Emory Douglas was the Revolutionary Artist of the Black Panther Party and subsequently became its Minister of Culture, part of the national leadership. He created the overall design of the Black Panther, the Party’s weekly newspaper, and oversaw its layout and production until the Black Panthers disbanded in 1979–80. Throughout the ’60s and ’70s, Douglas made countless artworks, illustrations, and cartoons, which were reproduced in the paper and distributed as prints, posters, cards, and even sculptures. All of them utilized a straightforward graphic style and a vocabulary of images that would become synonymous with the Party and the issues it fought for.

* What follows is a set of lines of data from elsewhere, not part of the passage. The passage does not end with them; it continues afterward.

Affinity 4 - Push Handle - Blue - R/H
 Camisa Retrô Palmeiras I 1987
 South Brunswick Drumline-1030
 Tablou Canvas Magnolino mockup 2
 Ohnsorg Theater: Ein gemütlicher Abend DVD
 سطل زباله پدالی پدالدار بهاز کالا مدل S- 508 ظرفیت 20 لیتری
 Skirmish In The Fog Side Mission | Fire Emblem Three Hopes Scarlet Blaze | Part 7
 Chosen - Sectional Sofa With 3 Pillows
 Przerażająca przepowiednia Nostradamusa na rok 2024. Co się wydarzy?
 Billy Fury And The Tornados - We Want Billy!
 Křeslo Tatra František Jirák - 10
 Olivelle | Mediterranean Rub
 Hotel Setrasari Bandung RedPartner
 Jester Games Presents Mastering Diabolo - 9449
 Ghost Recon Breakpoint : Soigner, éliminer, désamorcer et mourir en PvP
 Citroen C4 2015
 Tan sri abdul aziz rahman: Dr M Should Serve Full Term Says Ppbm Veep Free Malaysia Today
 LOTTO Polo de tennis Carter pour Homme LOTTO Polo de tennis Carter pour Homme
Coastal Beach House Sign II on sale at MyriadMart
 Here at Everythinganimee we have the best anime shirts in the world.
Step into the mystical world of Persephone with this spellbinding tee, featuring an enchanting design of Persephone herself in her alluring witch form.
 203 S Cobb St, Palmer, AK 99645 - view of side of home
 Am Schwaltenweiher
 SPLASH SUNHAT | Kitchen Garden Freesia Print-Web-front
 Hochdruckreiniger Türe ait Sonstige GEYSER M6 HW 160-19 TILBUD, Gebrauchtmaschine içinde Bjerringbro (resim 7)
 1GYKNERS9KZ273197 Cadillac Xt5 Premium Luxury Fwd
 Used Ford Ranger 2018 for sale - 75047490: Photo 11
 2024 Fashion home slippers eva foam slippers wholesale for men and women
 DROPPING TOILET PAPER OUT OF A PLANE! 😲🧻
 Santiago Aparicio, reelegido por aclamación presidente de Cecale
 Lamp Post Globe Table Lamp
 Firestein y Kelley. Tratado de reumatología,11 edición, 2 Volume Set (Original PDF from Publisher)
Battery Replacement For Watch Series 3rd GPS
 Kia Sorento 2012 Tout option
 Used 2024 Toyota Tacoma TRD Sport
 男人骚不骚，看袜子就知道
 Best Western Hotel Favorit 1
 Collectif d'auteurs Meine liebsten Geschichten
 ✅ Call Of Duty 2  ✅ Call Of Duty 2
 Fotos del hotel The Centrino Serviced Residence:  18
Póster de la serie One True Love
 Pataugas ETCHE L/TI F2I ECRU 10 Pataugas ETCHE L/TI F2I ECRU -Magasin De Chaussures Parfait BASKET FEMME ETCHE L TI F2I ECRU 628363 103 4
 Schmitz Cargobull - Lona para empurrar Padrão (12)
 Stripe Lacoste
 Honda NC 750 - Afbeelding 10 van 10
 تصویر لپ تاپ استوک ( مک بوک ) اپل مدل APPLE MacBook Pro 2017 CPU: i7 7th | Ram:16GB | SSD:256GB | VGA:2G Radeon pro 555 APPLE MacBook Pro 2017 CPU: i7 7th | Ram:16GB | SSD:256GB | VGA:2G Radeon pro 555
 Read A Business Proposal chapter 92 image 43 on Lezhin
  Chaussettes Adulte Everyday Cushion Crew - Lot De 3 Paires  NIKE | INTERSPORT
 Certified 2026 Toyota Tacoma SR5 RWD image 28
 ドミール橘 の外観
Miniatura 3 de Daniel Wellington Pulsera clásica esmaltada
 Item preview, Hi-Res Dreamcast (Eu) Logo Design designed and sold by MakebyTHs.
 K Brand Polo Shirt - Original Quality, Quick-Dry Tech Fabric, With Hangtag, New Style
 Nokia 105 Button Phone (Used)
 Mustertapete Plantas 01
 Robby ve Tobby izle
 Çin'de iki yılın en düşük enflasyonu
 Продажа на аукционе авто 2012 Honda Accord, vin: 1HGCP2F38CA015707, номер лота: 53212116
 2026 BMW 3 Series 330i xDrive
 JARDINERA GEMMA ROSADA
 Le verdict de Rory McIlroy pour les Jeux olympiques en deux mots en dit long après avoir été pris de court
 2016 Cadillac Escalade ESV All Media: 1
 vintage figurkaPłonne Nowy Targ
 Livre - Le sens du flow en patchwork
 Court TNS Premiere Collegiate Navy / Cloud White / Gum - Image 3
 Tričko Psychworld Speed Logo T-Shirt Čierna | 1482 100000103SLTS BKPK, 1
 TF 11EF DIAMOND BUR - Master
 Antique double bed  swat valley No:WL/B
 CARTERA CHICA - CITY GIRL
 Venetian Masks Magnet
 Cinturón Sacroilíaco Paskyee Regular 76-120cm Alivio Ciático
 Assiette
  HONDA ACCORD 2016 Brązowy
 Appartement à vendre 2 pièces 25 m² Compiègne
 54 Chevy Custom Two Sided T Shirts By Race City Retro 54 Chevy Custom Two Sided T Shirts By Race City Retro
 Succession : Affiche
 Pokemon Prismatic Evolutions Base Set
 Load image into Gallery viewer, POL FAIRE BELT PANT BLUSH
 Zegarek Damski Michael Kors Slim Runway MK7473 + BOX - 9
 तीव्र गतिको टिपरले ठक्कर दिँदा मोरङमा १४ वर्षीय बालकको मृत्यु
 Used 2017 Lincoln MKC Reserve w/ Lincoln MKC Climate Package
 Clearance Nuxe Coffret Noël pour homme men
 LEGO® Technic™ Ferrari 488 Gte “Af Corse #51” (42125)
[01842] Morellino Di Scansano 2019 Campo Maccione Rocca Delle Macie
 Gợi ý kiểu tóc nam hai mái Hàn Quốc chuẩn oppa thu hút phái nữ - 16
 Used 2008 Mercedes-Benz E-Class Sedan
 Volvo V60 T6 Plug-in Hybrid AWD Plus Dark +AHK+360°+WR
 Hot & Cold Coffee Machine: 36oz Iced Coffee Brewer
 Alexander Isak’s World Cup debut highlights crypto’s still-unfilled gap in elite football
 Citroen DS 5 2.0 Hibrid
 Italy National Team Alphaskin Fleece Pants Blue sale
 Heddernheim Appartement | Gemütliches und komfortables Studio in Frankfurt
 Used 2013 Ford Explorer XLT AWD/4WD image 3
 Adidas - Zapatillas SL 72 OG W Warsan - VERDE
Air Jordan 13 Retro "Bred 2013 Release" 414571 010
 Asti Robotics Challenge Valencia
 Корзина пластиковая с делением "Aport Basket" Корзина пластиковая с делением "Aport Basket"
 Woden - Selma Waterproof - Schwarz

“Emory Douglas: Black Panther” includes a wide variety of Douglas’s work done while a member of the Black Panther Party. Curated by the Los Angeles artist Sam Durant, whose work often deals with political and cultural subjects in American history, the show includes approximately 165 posters, newspapers, and prints dating from 1967–76. Durant met Emory Douglas in 2002 and began working on a book of Douglas’s work, which resulted in a monograph published in 2007. Two years later Durant curated “Black Panther: The Revolutionary Art of Emory Douglas” at the Museum of Contemporary Art in Los Angeles, which serves as a model for the exhibition at the New Museum.
In conjunction with the exhibition “Emory Douglas: Black Panther,” the New Museum, the Studio Museum in Harlem, and Groundswell, a community organization, co-produced a mural on 122nd Street and Third Avenue in Harlem, New York City. The mural, titled What We Want, What We Believe, is a permanent public artwork— and Douglas’s first in New York City. The mural team consisted of fifteen teens involved with the New Museum’s G: Class student program and the Studio Museum, the majority of whom were employed by the New York City Department of Youth and Community Development, through the Summer Youth Employment Program (SYEP). Douglas worked with the youth for two weeks, taught the history of the larger Black Power Movement, conducted master print-making workshops, and led discussions with youth participants. Over a period of two months, artist educators from the New Museum, the Studio Museum, and Groundswell provided youth with tutorials on the social and political history that gave rise to the Black Panther Party and the Movement, as well as the history of printmaking and mural painting.